Twitter debuts a Lite version for emerging markets

The data-friendly version is browser-based

Twitter launched Thursday a ‘Lite’ version of its service that runs from the browser on a smartphone, in a bid to attract customers in emerging markets, who have flaky Internet connections or are wary of spending too much on data.

The micro-blogging service said that Lite had been designed as a Progressive Web App in collaboration with Google and is available at mobile.twitter.com, and does not require an app store. It is said to take up less than 1MB on the device.

Lite offers key features of Twitter such as the timeline, tweets, direct messages, trends, profiles, media uploads, notifications. With features like data savings, offline access to loaded content, resilience on flaky networks and fast load times, it is designed for emerging markets where networks are still patchy and data expensive.

While smartphone adoption grew to 3.8 billion connections by the end of 2016, 45 percent of mobile connections are still on slow 2G networks, wrote Patrick Traughber product manager at Twitter in a blog post, citing data from GSMA Intelligence.

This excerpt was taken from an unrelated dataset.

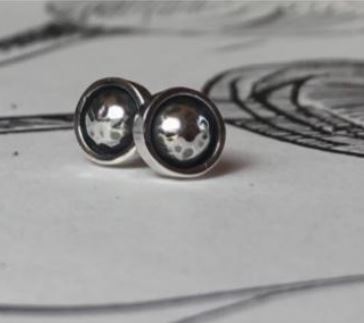 [JJE01007] Satin Lotus Studs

The move by Twitter comes a day after Google tried to give a boost to YouTube in India by offering a beta version of YouTube Go, its app that allows users to download and view videos offline to take advantage of low night tariffs, and also lets users choose the resolution for the video download and streaming depending on their data connection.

Lite targets users around the world, supporting 42 languages, but the company appeared to focus on India at the launch of the new service. Six Indian languages - Hindi, Bengali, Kannada, Tamil, Gujarati, and Marathi – will be supported from the start.

The company said it has partnered with Vodafone in India to provide live cricket updates through a specially curated Twitter timeline to the mobile operator's smartphone customers as a popular cricket season kicks off.

Twitter Lite is a client-side JavaScript application and a Node.js server, which handles user authentication, constructs the initial state of the app, and renders the initial HTML application shell, wrote Twitter engineer Nicolas Gallagher. Once loaded in the browser, the app requests data directly from the Twitter application programming interface, he wrote.

As it is on the mobile web, Twitter Lite is supported from the start on a number of mobile devices. It is currently compatible with devices supporting Chrome - Version 40 and above, Firefox - Version 40 and above, Safari - Version 7 and above, Android Browser - Version 4.4 and above, Microsoft Edge and Opera.

Twitter Lite reduces data use by default by using cached data and serving smaller media files, wrote Gallagher. Images have, for example, been optimized to reduce their impact on data usage by as much as 40 percent as the user scrolls through a timeline, and in a data saver mode, usage can be further reduced by replacing images in tweets and direct messages with a small and blurred preview, which can also be shut off if more data savings is required.